| Type: | Package | 
| Title: | Computationally-Efficient Confidence Intervals for Mean Shift from Permutation Methods | 
| Version: | 0.2.3 | 
| Date: | 2022-06-21 | 
| Description: | Implements computationally-efficient construction of confidence intervals from permutation or randomization tests for simple differences in means, based on Nguyen (2009) <doi:10.15760/etd.7798>. | 
| License: | MIT + file LICENSE | 
| Encoding: | UTF-8 | 
| RoxygenNote: | 7.1.2 | 
| Imports: | matrixStats | 
| Suggests: | knitr, rmarkdown | 
| VignetteBuilder: | knitr | 
| Language: | en-US | 
| URL: | https://github.com/ColbyStatSvyRsch/CIPerm/ | 
| BugReports: | https://github.com/ColbyStatSvyRsch/CIPerm/issues | 
| NeedsCompilation: | no | 
| Packaged: | 2022-06-21 12:51:24 UTC; jawieczo | 
| Author: | Emily Tupaj [aut],
  Jerzy Wieczorek | 
| Maintainer: | Jerzy Wieczorek <jawieczo@colby.edu> | 
| Repository: | CRAN | 
| Date/Publication: | 2022-06-21 13:10:10 UTC | 
CIPerm: Computationally-Efficient Confidence Intervals for Mean Shift from Permutation Methods
Description
Implements computationally-efficient construction of
confidence intervals from permutation tests or randomization tests
for simple differences in means.
The method is based on Minh D. Nguyen's 2009 MS thesis paper,
"Nonparametric Inference using Randomization and Permutation
Reference Distribution and their Monte-Carlo Approximation,"
<doi:10.15760/etd.7798>
See the nguyen vignette for a brief summary of the method.
First use dset to tabulate summary statistics for each permutation.
Then pass the results into cint to compute a confidence interval,
or into pval to calculate p-values.
Details
Our R function arguments and outputs are structured differently
than the similarly-named R functions in Nguyen (2009),
but the results are equivalent. In the nguyen vignette
we use our functions to replicate Nguyen's results.
Following Ernst (2004) and Nguyen (2009), we use "permutation methods" to include both randomization tests and permutation tests. In the simple settings in this R package, the randomization and permutation test mechanics are identical, but their interpretations may differ.

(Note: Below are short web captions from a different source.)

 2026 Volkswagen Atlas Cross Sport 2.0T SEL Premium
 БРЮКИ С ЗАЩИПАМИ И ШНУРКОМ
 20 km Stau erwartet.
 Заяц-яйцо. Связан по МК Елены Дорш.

We say "randomization test" under the model where the units are not necessarily a random sample, but the treatment assignment was random. The null hypothesis is that the treatment has no effect. In this case we can make causal inferences about the treatment effect (difference between groups) for this set of individuals, but cannot necessarily generalize to other populations.

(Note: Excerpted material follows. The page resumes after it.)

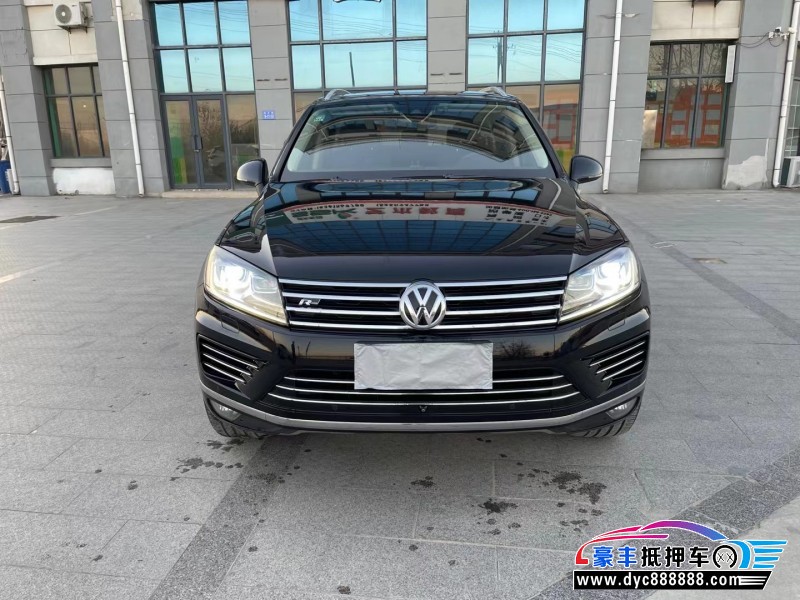 16年大众途锐轿车抵押车出售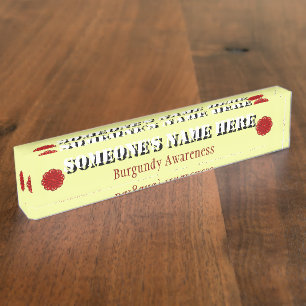 Burgund Blume Ribbon von Kenneth Yoncich Namensplakette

By contrast, we say "permutation test" under the model where the units were randomly sampled from two distinct subpopulations. The null hypothesis is that the two groups have identical CDFs. In this case we can make inferences about differences between subpopulations, but there's not necessarily any "treatment" to speak of and causal inferences may not be relevant.
References
Ernst, M.D. (2004). "Permutation Methods: A Basis for Exact Inference," Statistical Science, vol. 19, no. 4, 676-685, <doi:10.1214/088342304000000396>.
Nguyen, M.D. (2009). "Nonparametric Inference using Randomization and Permutation Reference Distribution and their Monte-Carlo Approximation" [unpublished MS thesis; Mara Tableman, advisor], Portland State University. Dissertations and Theses. Paper 5927. <doi:10.15760/etd.7798>.

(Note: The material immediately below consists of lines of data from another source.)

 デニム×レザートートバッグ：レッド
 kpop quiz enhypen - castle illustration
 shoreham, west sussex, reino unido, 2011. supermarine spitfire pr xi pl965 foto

Permutation-methods confidence interval for difference in means
Description
Calculate confidence interval for a simple difference in means
from a two-sample permutation or randomization test.
In other words, we set up a permutation or randomization test to evaluate
H_0: \mu_A - \mu_B = 0, then use those same permutations to
construct a CI for the parameter \delta = (\mu_A - \mu_B).
Usage
cint(dset, conf.level = 0.95, tail = c("Two", "Left", "Right"))
Arguments
| dset | The output of  | 
| conf.level | Confidence level (default 0.95 corresponds to 95% confidence level). | 
| tail | Which tail? Either "Two"- or "Left"- or "Right"-tailed interval. | 
Details
If the desired conf.level is not exactly feasible,
the achieved confidence level will be slightly anti-conservative.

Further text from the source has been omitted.